Volatility is inaccessible

In recent days, the US stock market is down ~10% from its all time high. Bitcoin and Ethereum (and most other cryptos) were down >50% from their November high, and have only slightly recovered from the low.

The majority of people in the world never invest anything because they either

  1. don't have enough money leftover after covering basic necessities
  2. don't prioritize investing even if they could
  3. don't trust that the market will continue to go up over time

The last reason is fueled by media coverage of market crashes. If you're not looking at charts and data, and instead just relying on what you hear from the news, why would you invest?

In the US, company-sponsored pensions used to be the most common way for the average person to provide for their needs in retirement. The main problem with this was a lack of portability. If you stopped working for that company (by choice or otherwise) you were generally not eligible for pension funds.

Now, Social Security is a government-run pension that follows you regardless of where you work. The problem is that there's not enough funding to cover even fairly basic living expenses for most people.

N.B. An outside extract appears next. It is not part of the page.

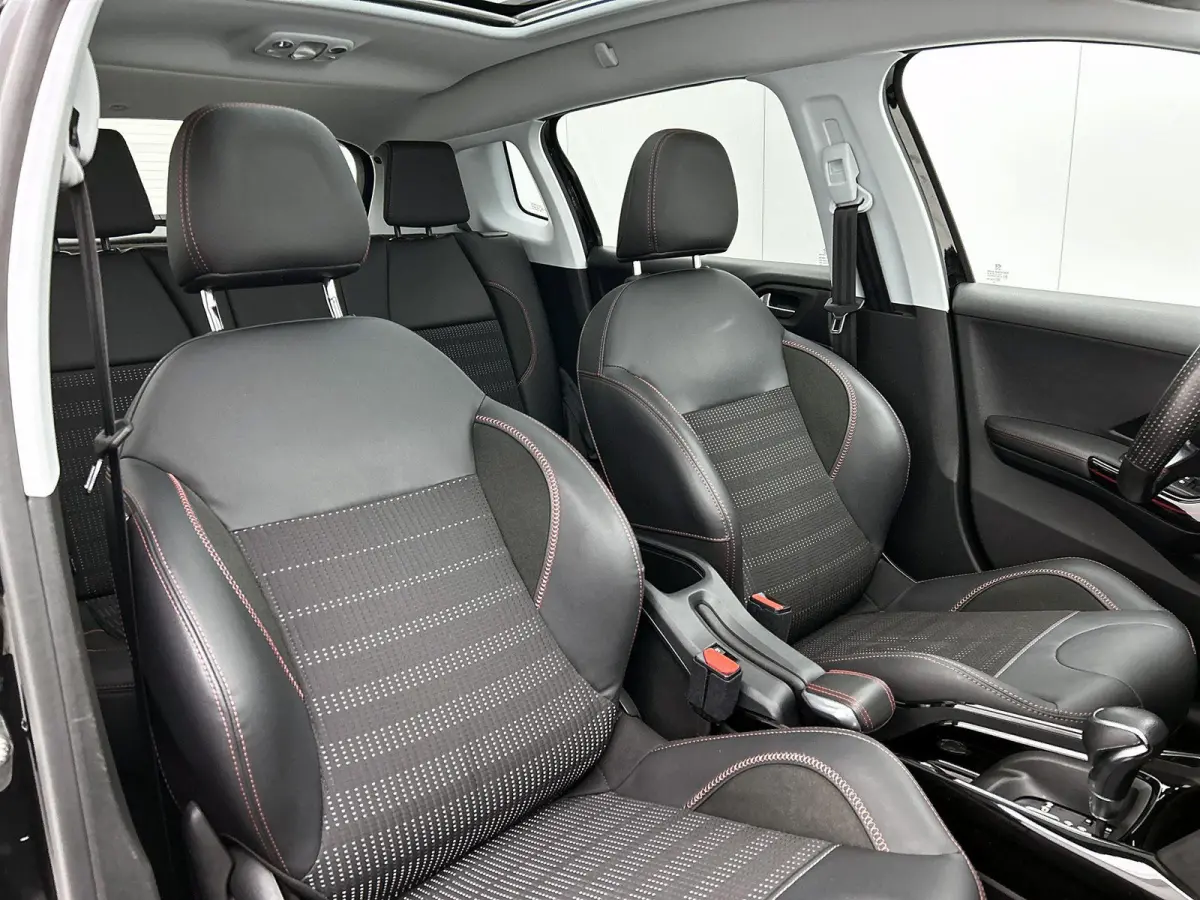 GT-Line 1.2 110pk Automaat | Glazendak | Navigatie | Climate Control | Cruise Control | 17"LMV | Camera |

The only real way to provide for yourself in retirement is through your 401(k), IRA, taxable accounts, crypto investments, etc. You have to invest on your own and expose yourself to volatility.

This will always be the most optimized solution and will result in the greatest chance of wealth for the average person. But as I stated, not everyone will do this.

I believe the most viable long-term solution is a decentralized global pension built on blockchain. This would allow for portable, guaranteed income in retirement without volatility and without allowing centralized entities to mismanage the treasury.

More tomorrow,

-Luke

P.S. This is the kind of accessible DeFi that's impossible today because of the fees pensioners would have to pay just to use the blockchain.